Records show that Western music practices among Palestinians were already in motion since the mid-19th century but were limited to European and American Christian mission institutions, including schools. These practices were apolitical and focused on religious or educational topics, especially at mission schools. There are several profound impacts of the British Mandate on music-making in Palestine, those include

  1. the scaling of Western music practices from Anglican Christian religious settings to secular contexts;
  2. the apoliticization of songs;
  3. the systematic filtering and censorship of traditional lyrics that included sexual references (see Stephan, 1928 and Nuwayhiḍ, 1993);
  4. the establishment of modernization efforts of local musical practices as a notion of progress, and
  5. the emphasis on music pedagogy as a matter of cultural and political hierarchy.

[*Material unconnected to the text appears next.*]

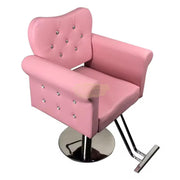 Modern Luxury Salon Styling Chair with Hydraulic Lift | Round Silver Disc Plate | Pink Barber Chair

In 1948, the vast majority of Palestinians were displaced, and musicians found themselves at the frontier of implementing new political and cultural visions in the countries of Jordan, Lebanon and Iraq. Therefore, the continuation of the musical narrative in the West Bank did not seem attainable. By the early 1950s, Palestinian musicians and intellectuals developed a vocabulary that reflected the topography, scenery, culture, dialects, and history of al-Mashriq, one that is independent of Egypt’s. Ṣabrī al-Sharīf, Ḥalīm al-Rūm, Jamīl al-ʿAṣ, and Rawḥī al-Khammāsh took advantage of their positions and launched a renaissance of music-making throughout al-Mashriq. Their input, intuition, experience, convictions helped to make the music scene in Lebanon, Iraq, and Jordan what they are today.